→ Aim of the task:
Reproduce the material below only from the line with "The soil is" to the line with "As you go down, this", both included, keeping each line exact and dropping the pictures.

→ Information supplied:
**********

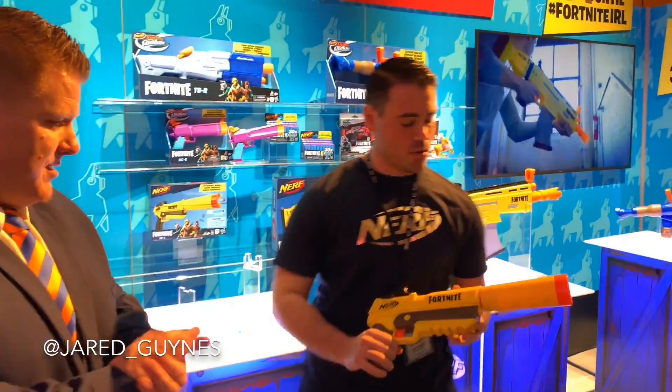Tony is the product specialist and he's going to tell us about some of these cool new toys coming to market on March 22nd. As Tony was saying, this is all about bringing Fortnite to real life. Everything you see on the screen is now being brought to life thanks to Nerf and Epic Games.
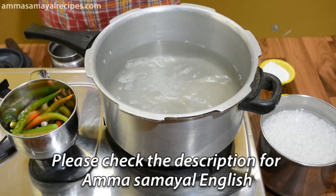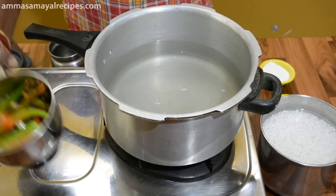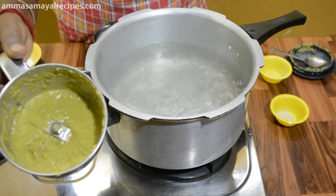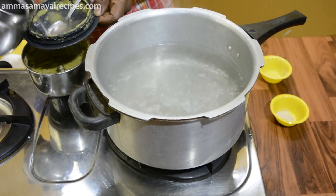The soil is good and we can add the soil. So we can add the soil so that we can add the soil. Now we will add the soil, and we can add the soil to it.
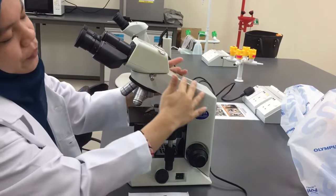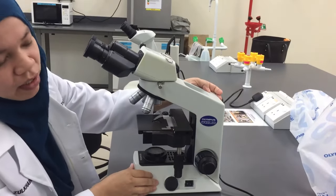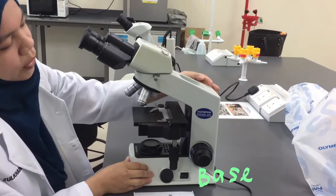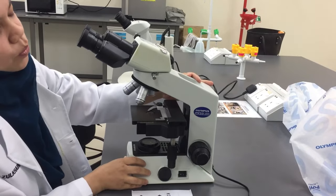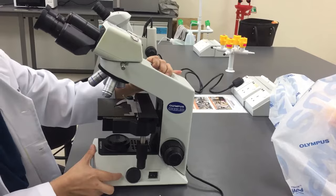As you go down, this is the arm of the microscope and this is the base of the microscope. When you want to hold the microscope, you need to hold the arm and also the base when you want to carry the microscope.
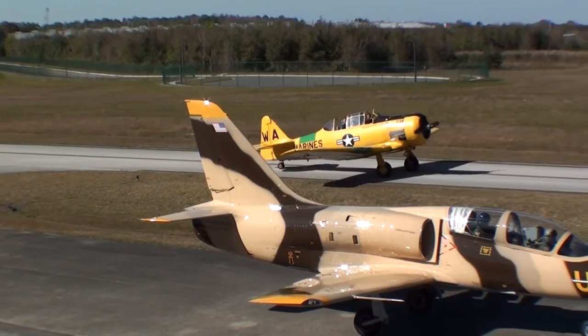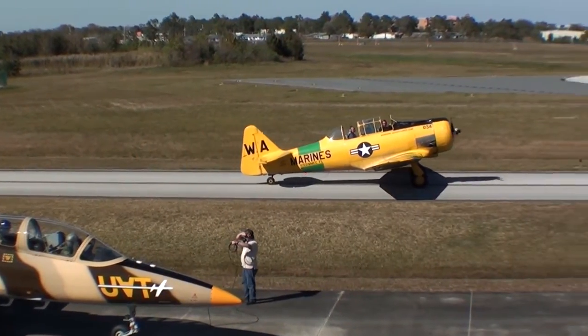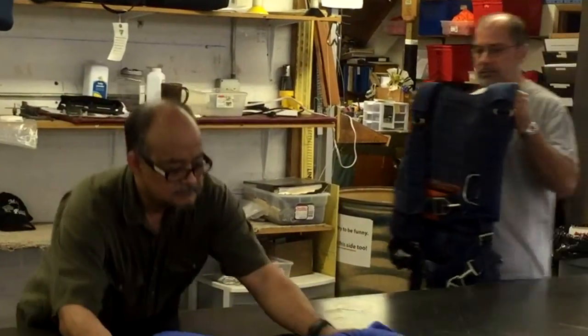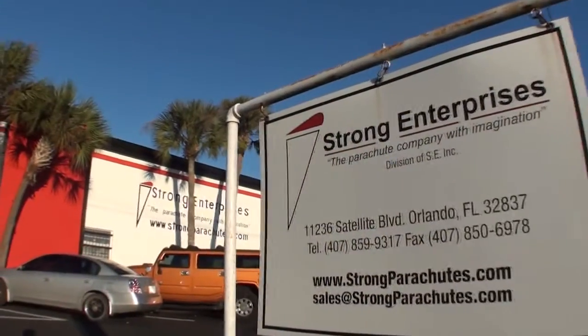Because your particular aircraft and parachute assembly may differ from what is shown, it is imperative for you to refine your own procedures appropriately. Seek advice from the manufacturer of your aircraft and your parachute equipment if you have questions, or call Strong Enterprises.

**********

→ Exercise output:
The soil is good and we can add the soil. So we can add the soil so that we can add the soil. Now we will add the soil, and we can add the soil to it.
As you go down, this is the arm of the microscope and this is the base of the microscope. When you want to hold the microscope, you need to hold the arm and also the base when you want to carry the microscope.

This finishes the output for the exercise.